An argument for why dancing is better for you than swiping

Illustration by Sona Eidnani.
This year, I made a New Year’s resolution that, so far, has stuck: I went off dating apps. Not dating altogether, just the apps. I wanted to meet people “organically,” but I was (and still am) fine with the possibility of a year of romance-drought.
After revisiting a tradition from my childhood — contra dancing — I realized that social dancing has great potential for cultivating both flirtation and community. Whether you want to meet potential partners offline, or you have foregone romance altogether and are looking for activities to do with friends, I propose dancing.
My rationale? Dating apps are fine, but old-timey dancing is always more fun.

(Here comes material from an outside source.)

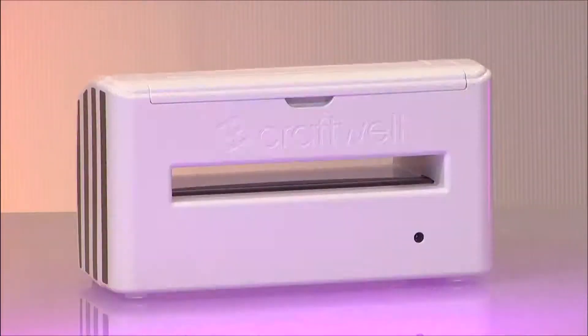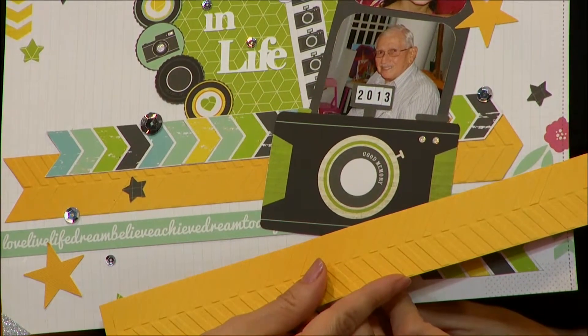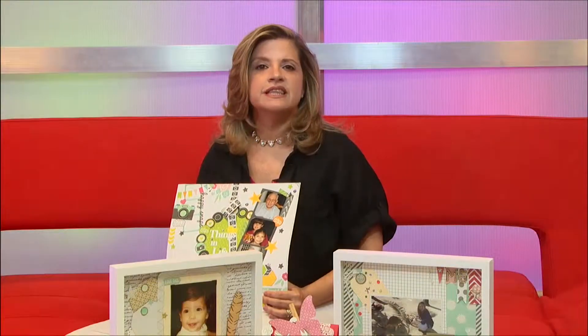Hello friends, today I want to introduce you to a new Craftwell — it's the Cut and Emboss by Teresa Collins. It's a machine that allows us to cut and emboss paper in 11x8 size. Embossing is adding texture to our paper to give dimension, or a different texture that is not flat.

Romance, or lack thereof, is a common conversation topic in my circles. After telling a friend about my latest Hinge date, she said, “What is it with lesbians and going for coffee on dates? Going for coffee is the lesbian equivalent of wining and dining.” She has a point. Most dates I have been on were activities you’d do with a friend anyway, where you have to do conversational legwork to go from platonic to romantic. When you’re dancing, the activity does it for you.
Plus, I don’t want to text for days — or weeks — as often happens on dating apps, and risk getting attached to the idea of a person, rather than getting to know the person themself. When you’re dancing with a stranger, there’s less overthinking, less imagining, and more being in the moment.
Social dancing can easily be flirty — and historically, it has been. It’s like square dancing, but in a long line, so if someone messes up, it’s no big deal. You can quickly point someone where they need to go, and there’s no complex footwork. It’s customary to switch partners between dances, and many people come solo, but have no problem finding a partner.
Contra dates back to the 17th century, and is a blend of European country dances. From the balls depicted in Jane Austen’s works to rural Canada in the 1940s, social dances have been a way for young people to meet, socialize, and court. Though dancing is largely absent from young people’s culture today, I’ve noticed a yearning for the Bridgerton-esque idea of social dancing. Why not make it real?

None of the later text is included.